3) век людей: зрелость эпохи, формирование демократической республики или монархии, ограниченной представительством; сила уступает место праву и гражданскому равенству, торговля объединяет человечество в одно целое, развивается промышленность и техника, процветают науки и искусства.

Особое внимание Вико уделяет проблемам собственности (и их оформлению в праве). Они и являются мотором истории. Собственность века богов представляет «отец семейства», который, стремясь подчинить себе «домашних», опирается на слуг и дарует им земельную собственность, порождая тем самым век героев.

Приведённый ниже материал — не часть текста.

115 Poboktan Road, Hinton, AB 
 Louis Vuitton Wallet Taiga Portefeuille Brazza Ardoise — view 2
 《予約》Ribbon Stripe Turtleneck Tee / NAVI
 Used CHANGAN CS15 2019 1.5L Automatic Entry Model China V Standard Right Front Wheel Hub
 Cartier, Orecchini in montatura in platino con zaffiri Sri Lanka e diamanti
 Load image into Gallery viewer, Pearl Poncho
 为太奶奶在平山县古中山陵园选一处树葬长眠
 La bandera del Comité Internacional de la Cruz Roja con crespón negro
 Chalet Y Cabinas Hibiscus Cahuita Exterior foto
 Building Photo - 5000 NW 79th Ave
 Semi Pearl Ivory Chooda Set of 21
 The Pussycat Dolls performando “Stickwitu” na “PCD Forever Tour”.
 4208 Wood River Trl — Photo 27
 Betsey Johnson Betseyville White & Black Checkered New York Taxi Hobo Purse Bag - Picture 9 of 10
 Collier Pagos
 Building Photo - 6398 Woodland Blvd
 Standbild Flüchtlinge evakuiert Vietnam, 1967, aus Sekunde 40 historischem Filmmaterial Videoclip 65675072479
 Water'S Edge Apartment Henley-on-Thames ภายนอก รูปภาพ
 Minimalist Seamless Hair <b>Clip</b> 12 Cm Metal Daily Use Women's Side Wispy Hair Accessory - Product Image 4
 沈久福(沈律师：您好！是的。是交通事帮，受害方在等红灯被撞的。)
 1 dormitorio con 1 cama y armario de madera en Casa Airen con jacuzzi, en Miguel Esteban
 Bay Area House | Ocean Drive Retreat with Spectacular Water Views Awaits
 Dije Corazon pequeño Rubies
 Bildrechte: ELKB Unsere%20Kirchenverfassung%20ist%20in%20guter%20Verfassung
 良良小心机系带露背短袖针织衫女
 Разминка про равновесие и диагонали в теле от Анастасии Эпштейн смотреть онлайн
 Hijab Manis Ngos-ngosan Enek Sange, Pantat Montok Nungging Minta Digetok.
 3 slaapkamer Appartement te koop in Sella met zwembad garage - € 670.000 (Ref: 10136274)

В героическую эпоху отеческая власть становится властью земельной аристократии, подчиняющей себе народ. Эпоха людей преодолевает имущественное неравенство за счет развития ремесел и торговли и правового порядка, но порождает переход от гражданской свободы к своекорыстию и анархии. При всем том в учении Вико нет фатализма: Вико уверен, что воля и творчество человека не скованы предопределением, люди творят свое время, а не наоборот; о детерминации он говорит лишь применительно к большому историческому времени.

Для Вико нет единого типа рациональности: мир природы и мир истории устроены по-разному и должны познаваться различными методами. Как это ни парадоксально, Вико считает естественнонаучные знания лишь правдоподобными, а исторические – достоверными (при определенных условиях). Дело в том, что, со­гласно Вико, знать можно только то, что сам сделал: истинное (verum) и сделанное (factum) взаимозаменимы. Бог творит мир и тем самым его познает; люди творят лишь в меру своих сил, но то, что делают, они вполне знают в рамках этой меры. Поскольку история творится людьми, то она и познаваться должна не как природа, а как область деяний человека. Несмотря на то, что эмпирическая база Вико как историка была весьма ограниченна (в основном это история Древнего Рима или поэмы Гомера), он формулирует такие принципы культур­но-исторического исследования, которые станут устоями сегодняшнего историзма: опора на источники; исследование взаимодействия всех сторон культуры; внимательное отношение к мифам, обрядам, ритуалам, материальной культуре; интерес к языку как историческому источнику и фактору культуры; учет конкретно-исторического своеобычного характера институтов каждой эпохи, взаимное использование науками результатов их работы. Вико не был прочитан в свое время европейским Просвещением: для научной общественности его открыл лишь в XIX в. француз­ский историк Мишле. Но ретроспективно мы видим, что форми­рование философско-культурологического подхода к истории произошло именно в его «Новой науке».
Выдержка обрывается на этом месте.